情報提供

「ねえ、隊長っていったいどういう人なの?」
「は?」
 唐突にかけられた質問が意外すぎて、ナギは思わず間抜けな声を落とした。
「だから、クラサメ隊長ってどういう人なのよ。ここに来たばっかりのアタシ達よりアンタの方が長いんだからそのへん分かってるでしょ?」
 少し苛ついたような口調だが、決してそういうわけではないのだとナギに教えてくれたのは彼女と同じクラスの一人だった。
 クラスゼロ、と呼ばれる彼らは。それまでどこに居たのかすら明かされず、魔法局局長であるアレシア・アルラシアをマザーと慕い、どんなに劣勢な戦場でも駆け抜けられるような強さを持つ。
 アレシア以外の命令を聞かない彼らは扱い辛く、新しく隊長にと任命されたクラサメも初対面の時に反抗され、実力で文句を封じたと聞いていた。

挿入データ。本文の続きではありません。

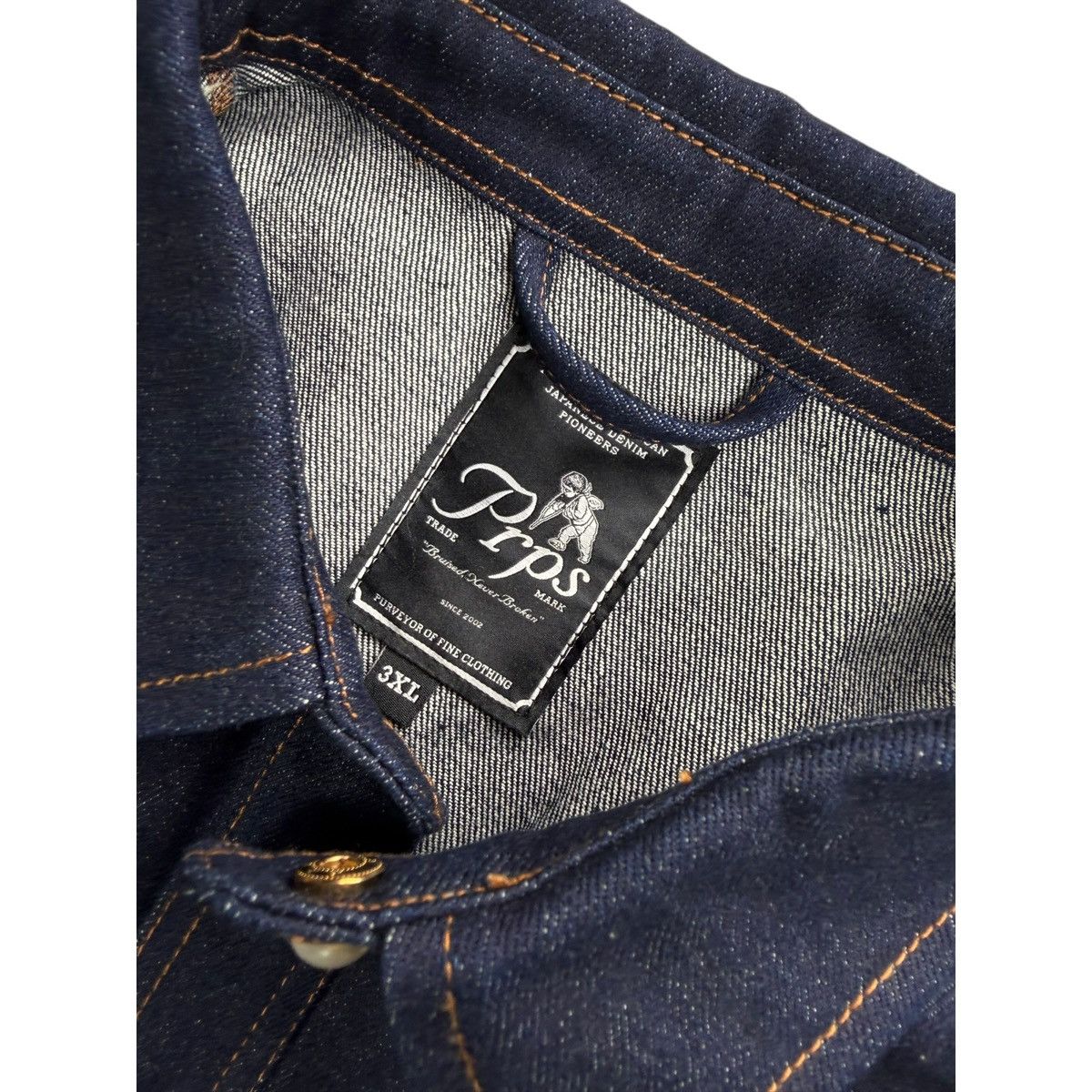 Prps PRPS Indigo Denim Button Up Shirt Over Logo Embroidered 3XL Size US XXL / EU 58 / 5 - 3 Thumbnail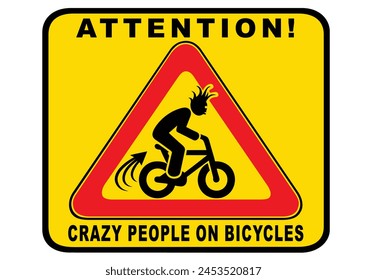 Warning sign about careless and reckless cyclists. Vector warning sign on pedestrian areas in parks and squares where young people on bicycles ride carelessly. Pictogram, sticker, icon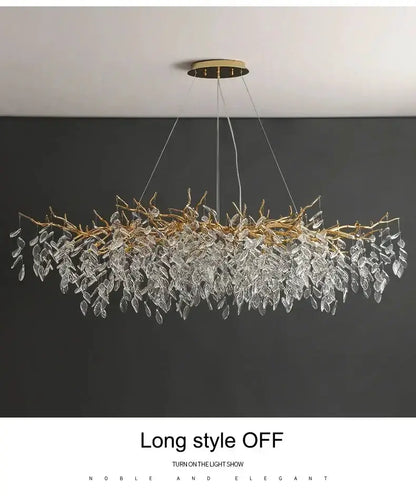 Chandelier Decorbites modern golden branch crystal chandelier with LED lighting ceiling mount on Tampa Home & Garden Store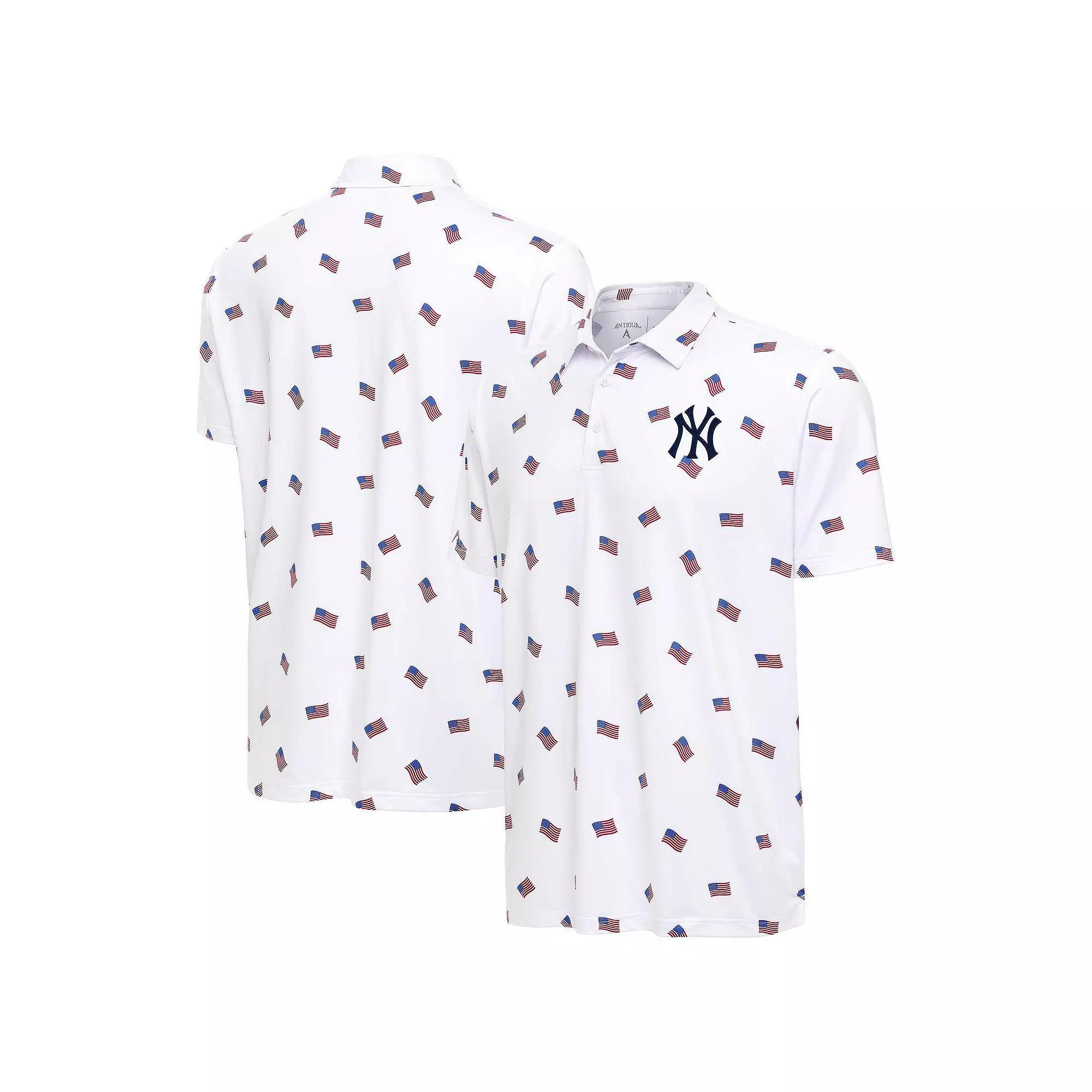 Men's Antigua White New York Yankees  Americana Polo, Size: Small Product Image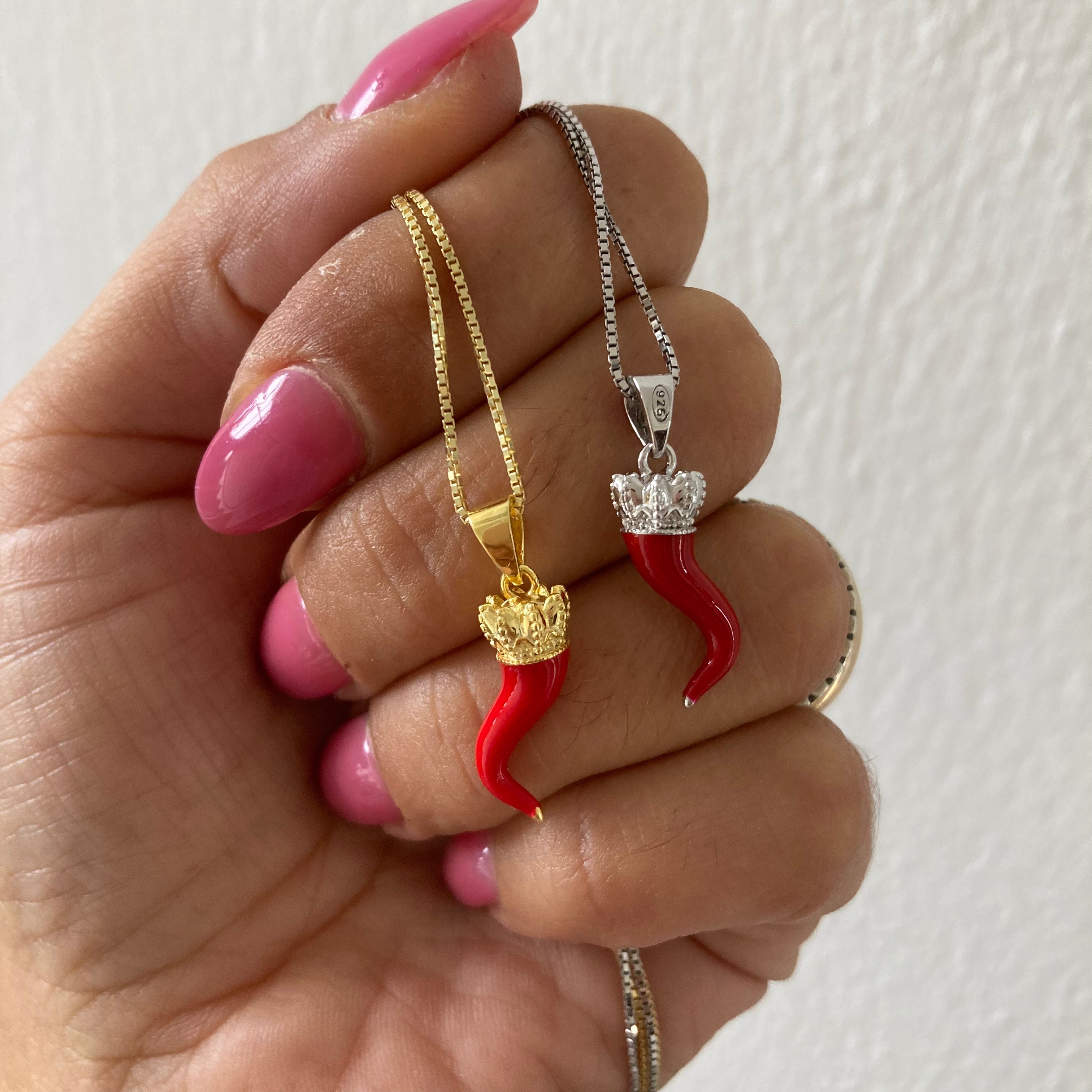 collana veneziana con cornetto napoletano rosso con corona in argento 925. RabiosaJewels
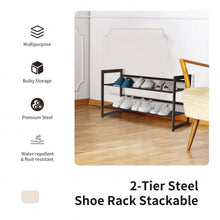 Load image into Gallery viewer, Adjustable to Flat or Slant Shoe Organizer Stand-2-Tier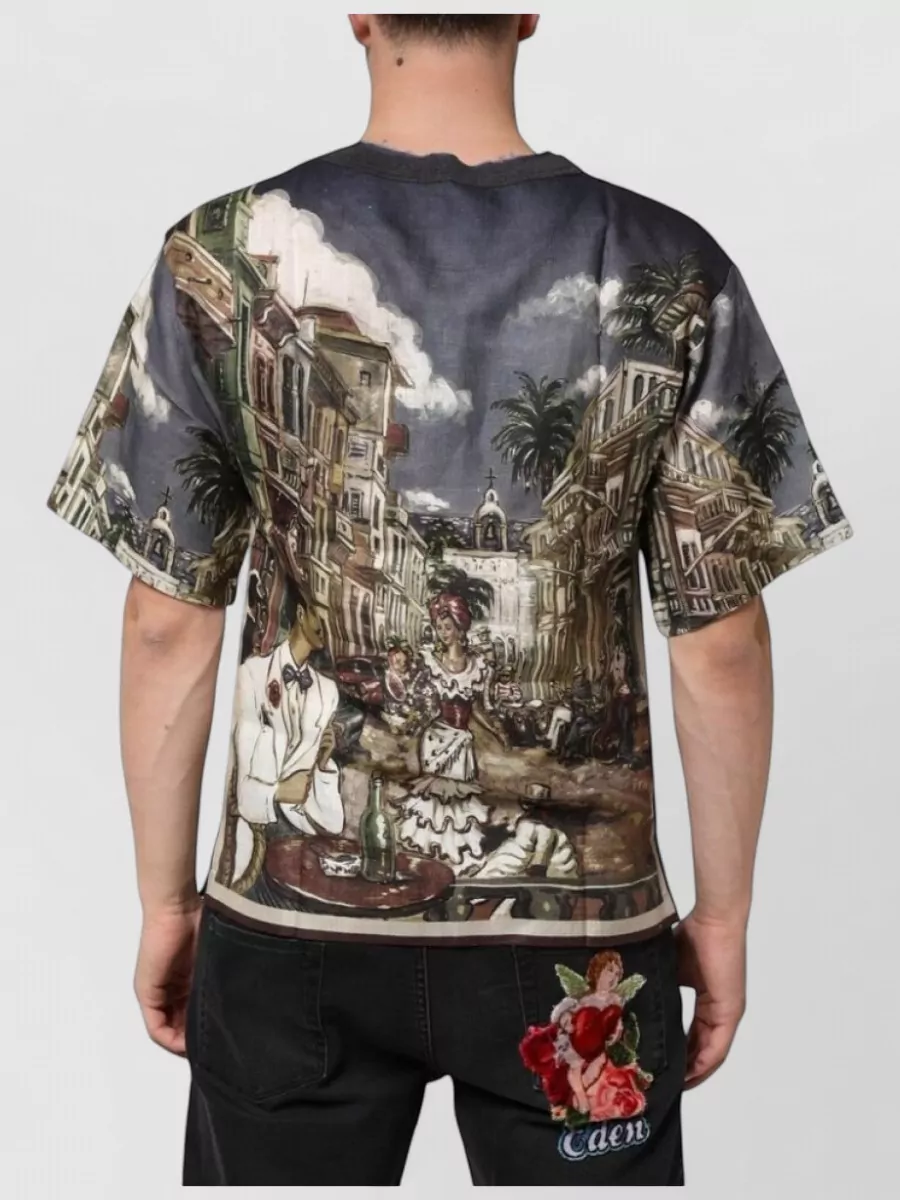 Dolce&Gabbana Linen Graphic-Print Crew-Neck Short-Sleeve T-Shirt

 誰が洩らすという訳でもないが、0組は目立つ。多少の愚痴とて、誰かが聞いてればそれはナギ達が所属する組織の報告に上がるのは必然。ましてや、言葉遣いや、何も考えていなさそうな行動で一番目立つ男がそれを隠しもせずにそこらここらで衝突していれば事態の把握も容易というものだった。
 ううん、と唸ってみせるナギは、目の前で腕組みした少女をちらりと見る。
 ケイトという名前と、朱雀でも珍しい魔法銃の使い手であることだけは知っていたが、特に性格分析が出来ているわけでもない。
 0組全員に困ったら頼っていいと伝言したのは自分なのだから、文句を言う筋合いも無いのだが、さっそく面倒な問いだとひっそり溜め息を落とした。
「ナギ?」
 焦れたような声。さて、どう答えたものかと思いながら、ナギは口を開いた。
「なんつったらいいのか……俺だって、特にこれといって情報は持ってないぜ?」
 クラサメはあまり自分のことを語らないからと前置いて、よく聞く院内の噂だけを少女に告げる。
 氷剣の死神と呼ばれていること、いつも傍にいるトンベリのこと、カヅサやエミナとはある程度仲が良いこと。
「……俺なんかより、仲が良いっていう二人に聞いた方がいいんじゃないのか?」
「バッカじゃないの! そんなことしたらすぐにバレるじゃん!」
 心底バカにしたような言葉だが、落ちこぼれクラスだとナギを揶揄する候補生と違い、呆れの色が強い。
 まだクラサメを信用していないと告げるケイトは、だからこそナギに声をかけたのだと言って獰猛に笑った。
「出し惜しみはナシよ。アタシらだって必死だからね」
 表情を改めたケイトに、これは彼女なりの譲歩の方法なのだと気付く。命令だからと素直に聞くような顔ぶれではない。ならば己で確認するまで。
 そんな意思が見て取れて、ナギは軽く手を挙げて降参を示した。
「……わかった。でもホントに大した情報は持ってないぜ」
 今度は真面目に答える。表情を改めて。できるだけ誠実に聞こえるように告げれば納得したらしいケイトは笑って頷いた。
「じゃあとりあえず移動しよっか。お茶くらいはごちそうするよ」
「どーぞおかまいなく」
 人が集まってきていることに気付いていたナギは提案に逆らうこと無く先に立った少女に続いた。
 彼女は、ナギの心情に気付かない。
 どう答えたものか頭の中で情報を選り分けながら。それでもあまり面識の無い相手から頼りにされているのは今後を考えても悪くないかと思った自分に自嘲の笑みを落とした。

忘れがちなんですが、ケイトって魔法得意なんですよね(笑)わりと必死に情報を探ってる彼女が可愛いと思います。